Firearms and other dangerous weapons are prohibited on the U.S. Capitol grounds, and the District of Columbia has otherwise strict firearms rules. In Virginia, where the shooting occurred, firearms can be openly carried without a permit, and the state issues concealed carry permits. In nearby Maryland, applicants for wear-and-carry permits are required to show “good and substantial reason” for needing a handgun’s protection, according to state police.
For Norman, the shooting of Scalise has been a teachable moment with his campaign staffers on how to approach security issues.
“The baseball game is a poster child for what can happen at any event, any town hall,” he said. “I thank God those security guards were armed.”
Norman spoke after a forum with other candidates in Tuesday’s special election for South Carolina’s 5th District seat. Parnell said he supported the Second Amendment but wanted smarter background check procedures. That includes adding days to the window of time clerks have to do the checks, something authorities have said might have made it tougher for Charleston church shooter Dylann Roof to buy the gun he used to massacre nine people at a June 2015 Bible study.
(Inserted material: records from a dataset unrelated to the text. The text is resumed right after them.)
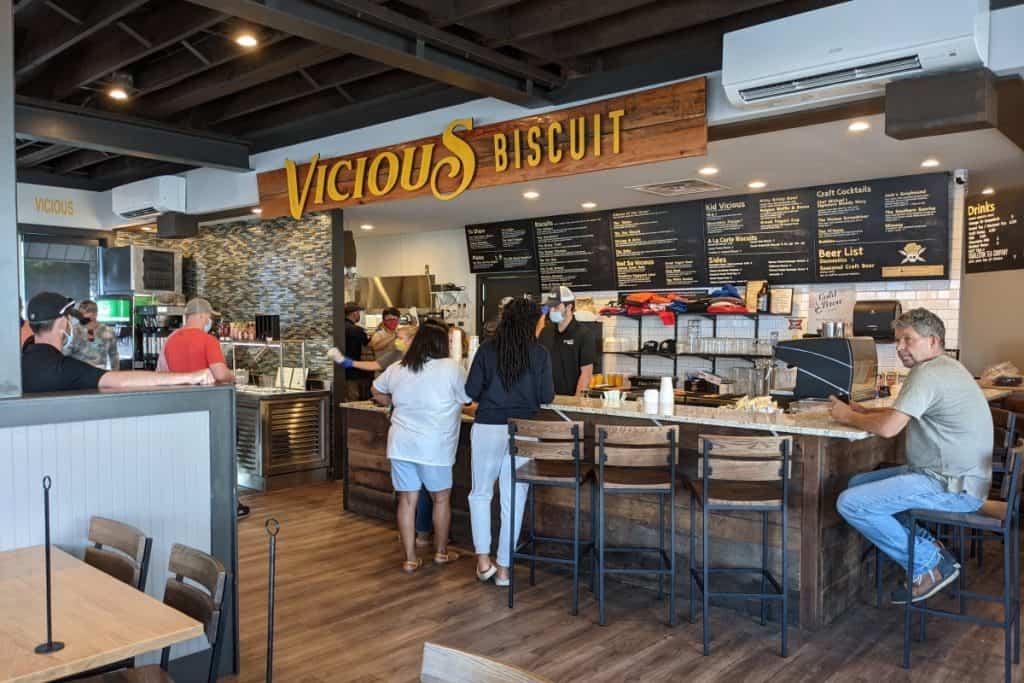 Inside Vicious Biscuit restaurant in Mount Pleasant, South Carolina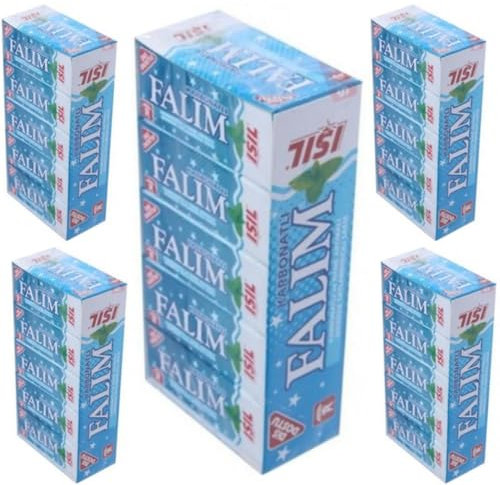 Falım Zuckerfreier Karbonat Minz Kaugummi, 5er-Pack à 20 Stück (Insgesamt 100 Stück) 160 Gramm x 5 Karton (Insgesamt 500 Stück) mit Pufai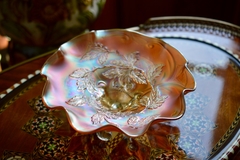 Centro de Mesa Dulcera Dugan Carnival Glass USA , Modelo Cherries C1908-1930 - Funcy Stuff Antiguedades
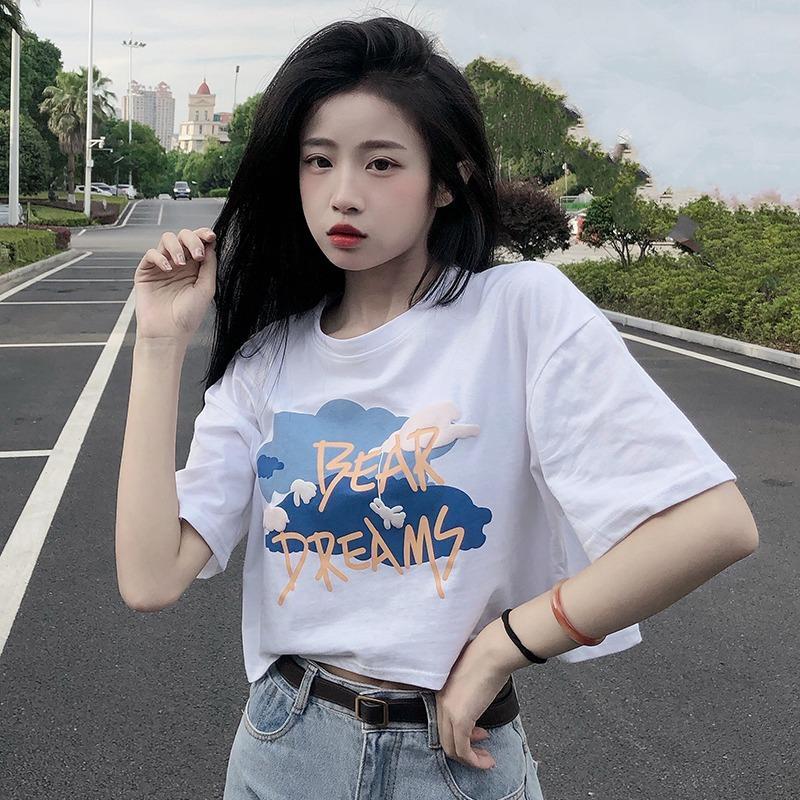 Women's Crew Neck Short Sleeve Crop Top Oversized Fit 3D Foam Bear Letter Print T Shirt Summer High Waist Casual Daily Blouse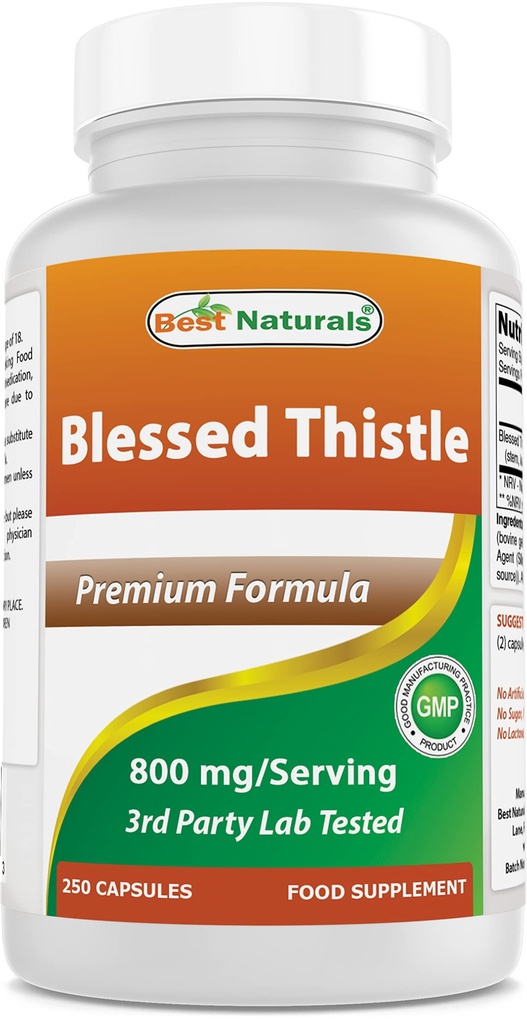 Best Naturals Siunattu ohdake Imetys Kapselit - 800 mg/Serving - 250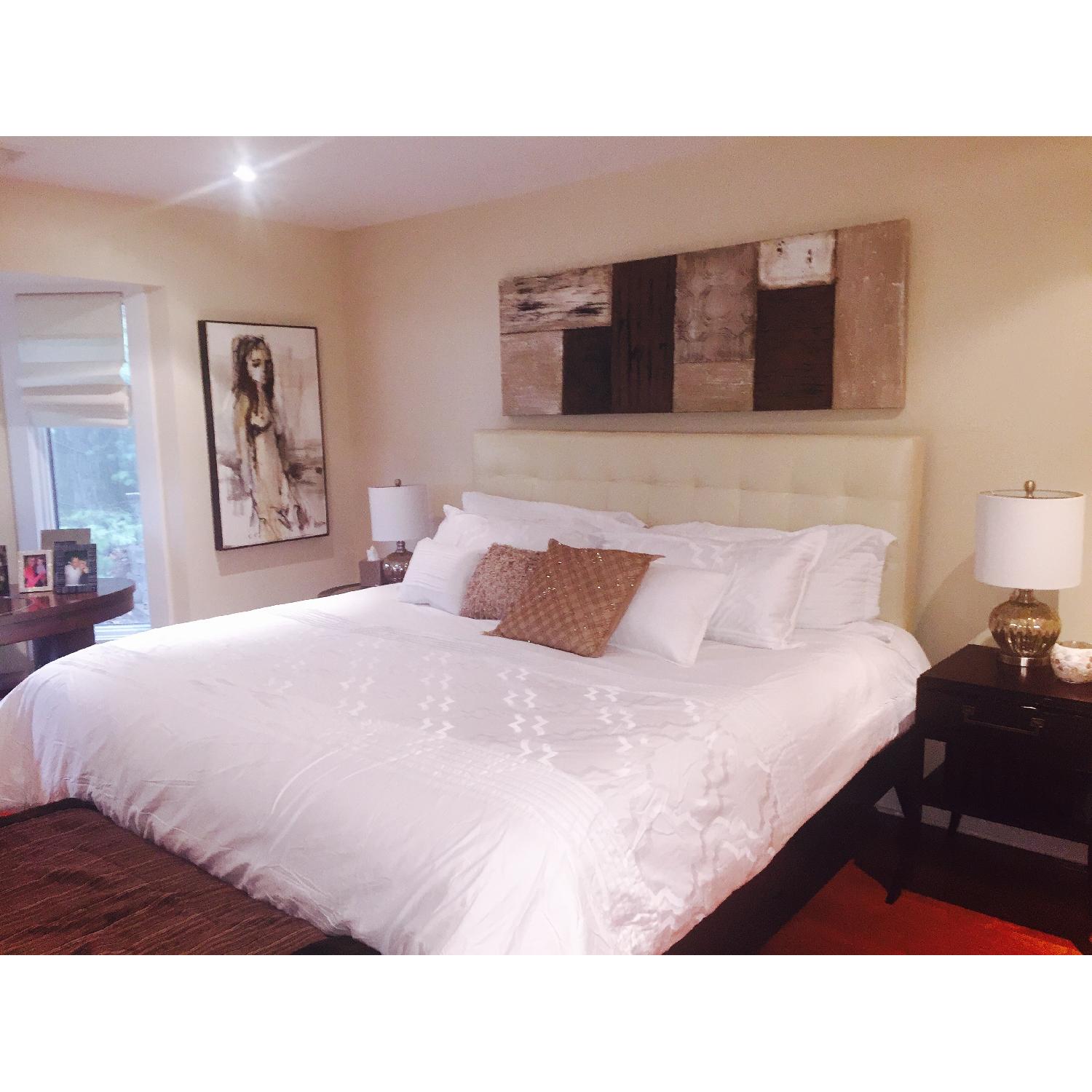 West Elm Ivory Leather Tufted King Headboard - image-2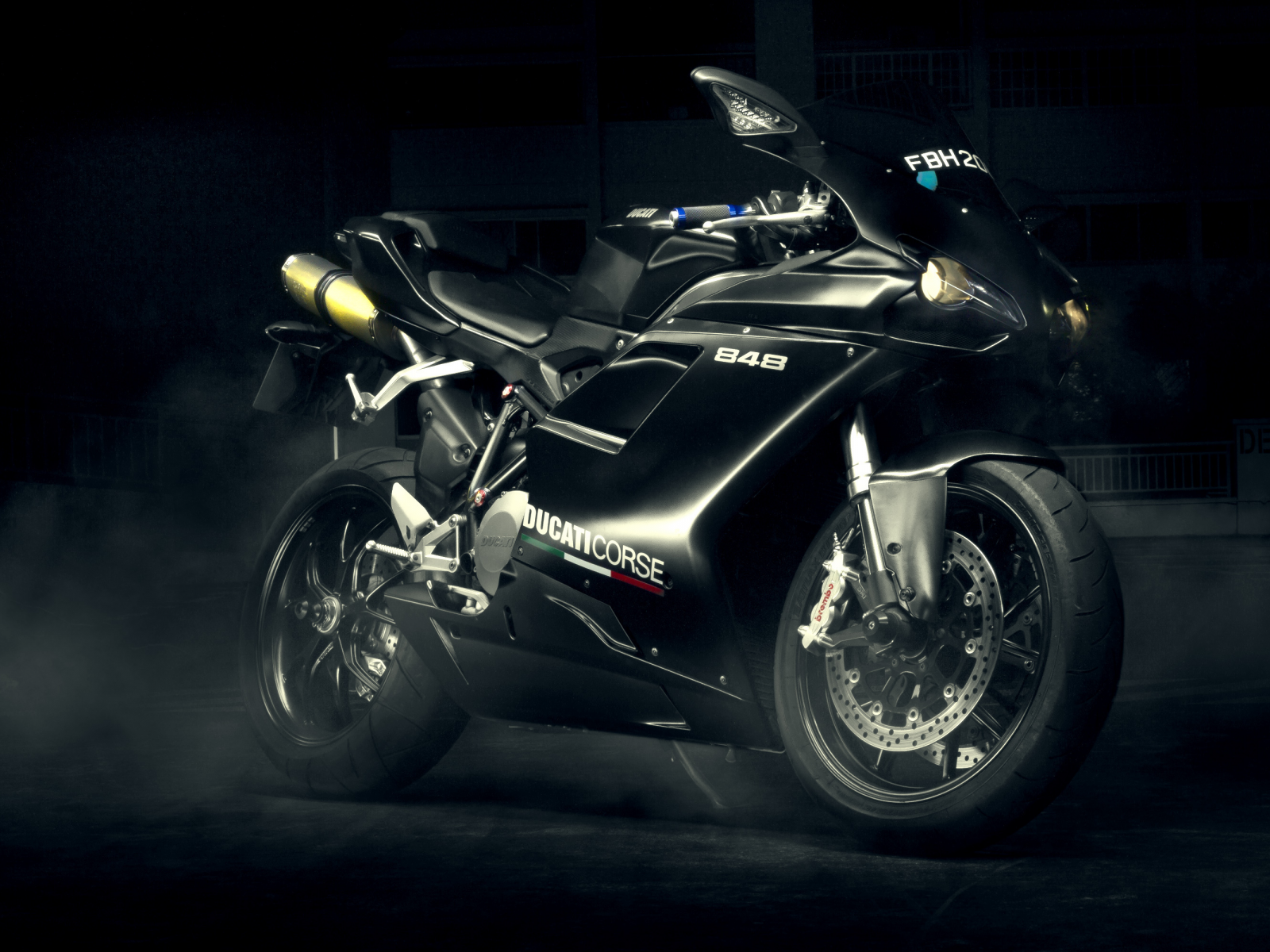 спортивный мотоцикл, black, ducati, 848, evo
More than just current events, though, Parnell said one of his goals in Congress would be to find a way to hold substantive conversations on divisive issues like guns.
“The tone in this country is wrong,” Parnell said during Thursday’s forum, in answering a question on gun regulation. “We cannot shout at each other.”
(AP)
2 Responses
The Congressional candidate is spouting an NRA line that good guys with guns will protect against bad guys with guns. Considering that there are approximately a zillion guns owned by the American public, why don’t more gun owners participate in shoot-outs with bad guys? It just does not happen, probably for good reasons, e.g., responsible gun owners don’t feel capable of engaging in shoot-outs. When irresponsible gun owners start shooting, children not in the line of fire get their brains blown out by untrained, incompetent gunmen. The solution is tighter control of guns, not wishing that more people would join in shoot-outs.
The folks who cut down the shooter at that baseball practice were trained professionals, not drive-by kibbitzers.
huju,
Your comment is total Leftist pap and nonsense. There have been numerous occasions of legal gun owners intervening in violent events and preventing demented killers from killing more. The most dangerous place in the world is a gun free zone where only criminals have guns.
John Lott has proven scientifically that the more legal gun owners there are the less gun violence that occurs. This is because the illegal gun owners which would never be stopped by ridiculous gun limitation laws don’t try anything when they know that they will be challenged by legal gun owners.